Table 19.2 lists cost categories that apply across the retail supply chain, regardless of echelon—retailer, distributor, original equipment manufacturer (OEM), or second-tier supplier. The recommended list includes four workforce costs; recurring costs that include the cost of capital; and three categories of purchased-item costs. For retailers, most of the purchased-item costs are for the merchandise they sell. In fact, these may dwarf the costs of internal operations. However, effectively managing internal operating processes makes the difference in customer service and profitability—particularly if one's competitors pay similar prices for the same merchandise.
Why separate costs into categories? We noted above that cost-reduction techniques for each category are different. Table 19.2 describes the environmental characteristics of each cost category. In manufacturing, for example, direct labor is often viewed as a target for cost reduction. Many manufacturers focus on this category using industrial engineering and operations research tools, even though this category may represent a small proportion of overall product cost. For manufacturers and retailers, hard-to-measure administrative and technical groups offer more potential for increased efficiency and effectiveness, but making improvements in these groups requires a wider skill set. This includes understanding not only the work content, but also the effectiveness of the function, the role of incentives, the quality of decisions, the importance of work skills, and the potential for automation.
Box II-B also upgrades capital-recovery reporting to account for the cost of money to acquire the asset. These costs fit into the Recurring Cost category in Table 19.2. Capital items include assets such as plant and equipment as well as working capital, like inventory and accounts receivable. Calculating the cost of capital utilizes a rate of interest, or discount rate. Many companies refer to this as the hurdle rate that any investment must meet in order to be approved. Companies often calculate the hurdle rate by averaging the rates of interest paid to those financing the enterprise: banks, leaseholders, shareholders, mortgage holders, franchisees, and bond investors.
Applying the discount rate, the resulting calculation is the equivalent uniform annual cost (EUAC) for the asset. This approach has variations, including EVA (Economic Value Added)4 and residual income. EUAC effectively converts the investment cost into an expense. Because the equations used for calculating EUAC are complex, practitioners use tables or calculators to determine those numbers.
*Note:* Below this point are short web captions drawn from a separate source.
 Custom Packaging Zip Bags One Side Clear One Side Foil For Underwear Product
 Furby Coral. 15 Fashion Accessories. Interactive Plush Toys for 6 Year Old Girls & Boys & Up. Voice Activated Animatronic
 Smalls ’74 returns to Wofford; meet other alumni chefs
Table 19.3 provides examples of EUAC calculations for different assets. Example 1 is a $1,000,000 capitalequipment item, such as a production machine or warehouse conveyor. In this example, tax accounting rules allow write-off for the equipment over 10 years. Current accounting doesn't allow the cost of capital to be added to the cost of operating equipment. But experience shows that, due to rapid obsolescence, this equipment has a likely "economic life" of only three years. Taking this and a 15 percent cost of capital into account, the EUAC approach shows an increase from $100,000 to $350,000 in the annual cost of the asset. Note that for leased equipment, the lease payments may sufficiently reflect the EUAC, as the lessor builds those costs into its lease rate.
The discount rate and asset life for dissimilar assets will vary within the same company. Example 2 in Table 19.3 shows comparable numbers for a building, which could be a store, a warehouse, corporate headquarters, or a factory. For example, a building asset may be less risky for the manufacturer or retailer since the building, but not the equipment, has a market value if the company sells the asset. For this reason, a lower cost of capital (in this case 10 percent) and a longer economic life (10 years instead of the three years in Example 1) are appropriate. Again, rent paid for a leased facility may capture these costs.
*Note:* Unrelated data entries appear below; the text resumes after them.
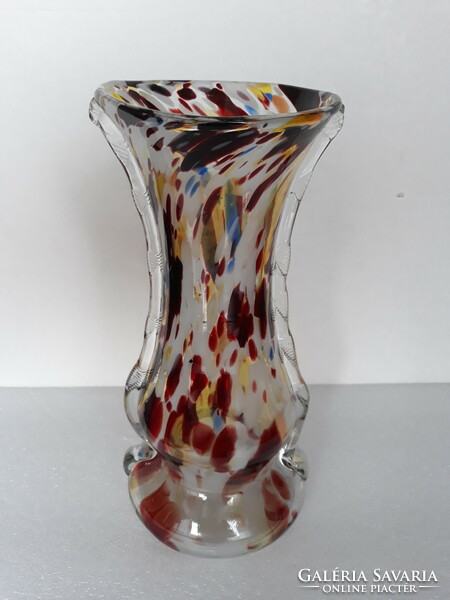 Hibátlan, gyönyörű színes üveg váza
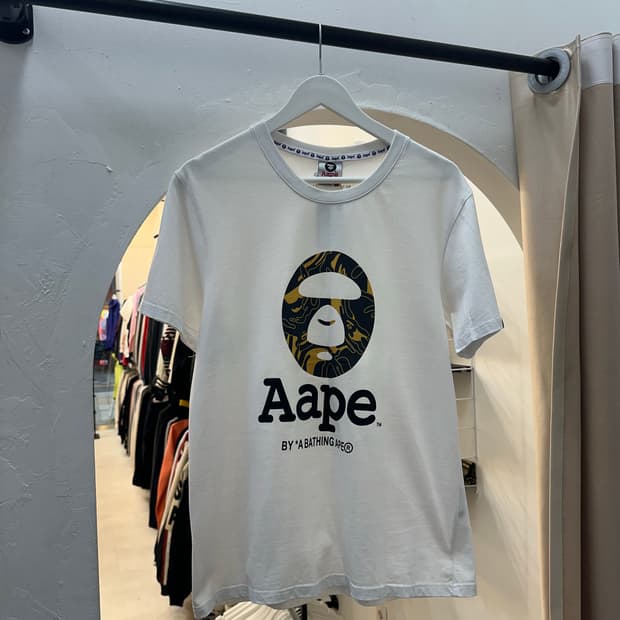 Aape 에이프 빅로고 반팔티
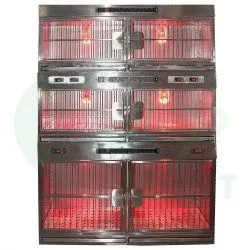 ТД ВЕТ Модуль клеток из нерж. стали, 6 клеток, с ИК подогревом, 1410х500х1900(1920)h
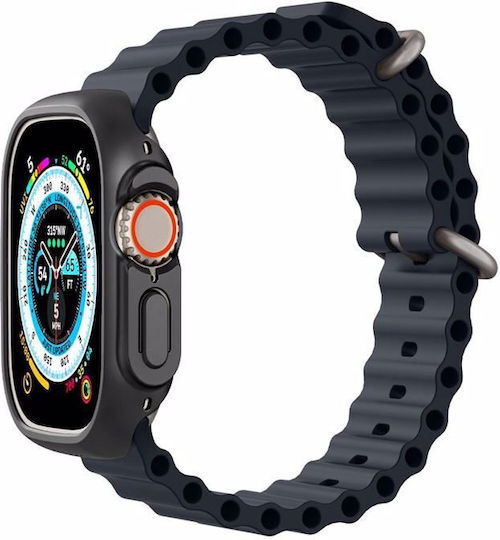Awei H16 Ultra Smartwatch with Heart Rate Monitor (Black) view 3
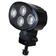 LED Mini Light- 10-30V, Oval Work Light 4650 Lumens Raw, Bracket
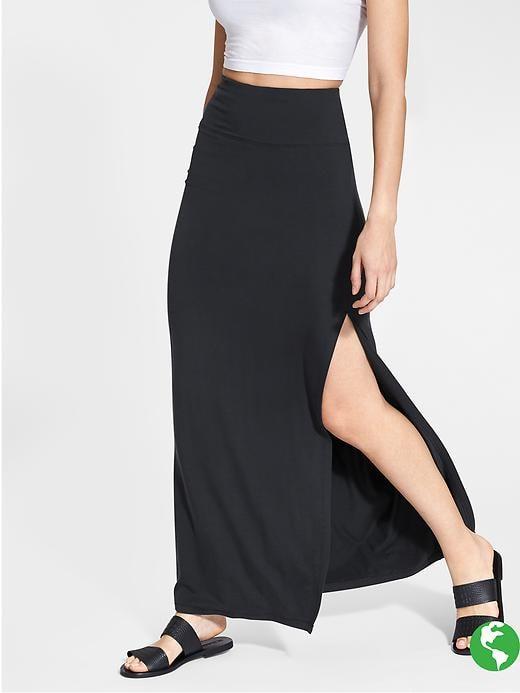 Athleta Womens Marina Maxi Skirt Size M - Black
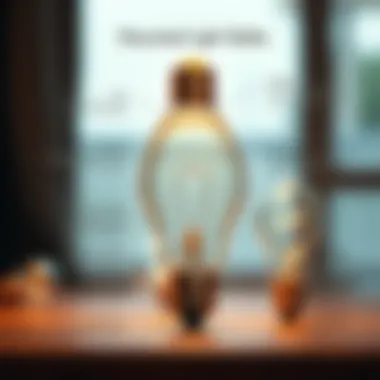 A diagram illustrating the environmental impact of discarded light bulbs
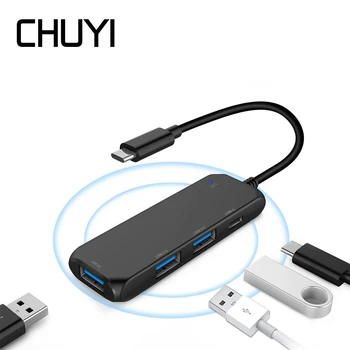 

Usb Type C Hubs 2.0 4 Ports Usb-c Hab Multi Port Portable Usb Splitter Mini Couputer Accossories For Macbook Smartphone Laptop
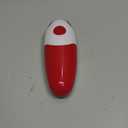 Electric Can Opener Hands-Free with One Press,No Hand Strength Needed,Time & Energy Saving, Battery-Operated, Fit for Kitchen (Red)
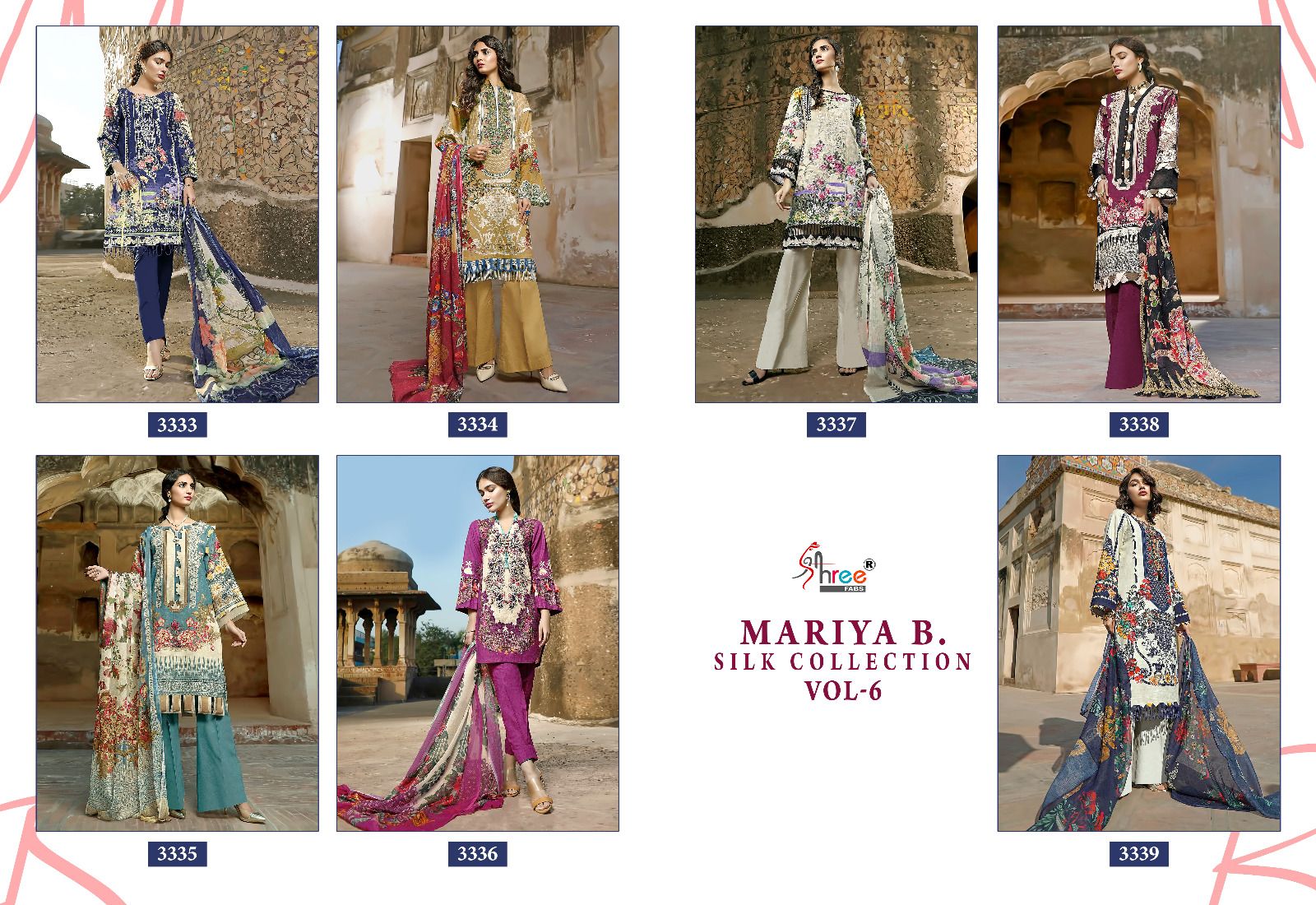 Shree Mariya B Silk Collection Vol 6 collection 6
Examples 3 and 4 show working capital assets that should also be converted to expenses. Example 3 is inventory that, with conventional accounting, is only recognized on the balance sheet. As a result, some managers may consider inventory to be "free," even though the cost of carrying inventory can be huge in retail supply chains. And despite that fact, companies often do not accurately calculate the cost of inventory or assign that cost to the process steps that create it.
Sometimes supply chain negotiations between trading partners center on transferring the cost of inventory to upstream companies. Dell, in its make-toorder, direct sales model, pays its suppliers after customers pay for their orders. Dell also shares forecasts and sales data with those suppliers to help them lower their inventory. Retailer Costco follows a similar practice—like Dell, producing a negative cash-to-cash cycle. In Example 3 the company has assigned a cost of 25 percent per year to the inventory—a typical value that captures storage, financing, obsolescence, insurance, and other costs.
Example 4 in Table 19.3 stands for the asset accounts receivable. Accounts receivable is the money owed the company due to the delay between customer billing and customer payment; this is often a major item for retailers like Macy's and Target that maintain house interest-paying charge accounts. This account also should be converted to EUAC. Although it's an asset, high receivables may indicate unprofitable customers, merchandise, or lines of business. Some companies will use the cost of capital with an allowance for non-paying customers added on. In Example 4, a 20 percent cost is assigned to the accounts receivable balance.
There is considerable latitude for presenting cost information at the II-B level. Table 19.4 maps organization costs to improvement categories in a top-down example for a vertically integrated retail company. Vertically integrated, in this case, means the company has merchandising, retail, distribution, and manufacturing operations. Because of its size, it has assembled numbers for each of its principal operations (columns 2?5). The data in the columns in Table 19.4 are summarized as follows:
Table 19.4 shows the costs that are either incurred or controlled by each of the four functions. Note that the merchandising group (column 2) is responsible for merchandise expenditures because it selects the merchandise, negotiates with suppliers, and plans replenishment. The merchandising department is also assigned the cost of inventory ($350 million), as its source selection and replenishment decisions determine the amount of inventory in the company's DCs and stores.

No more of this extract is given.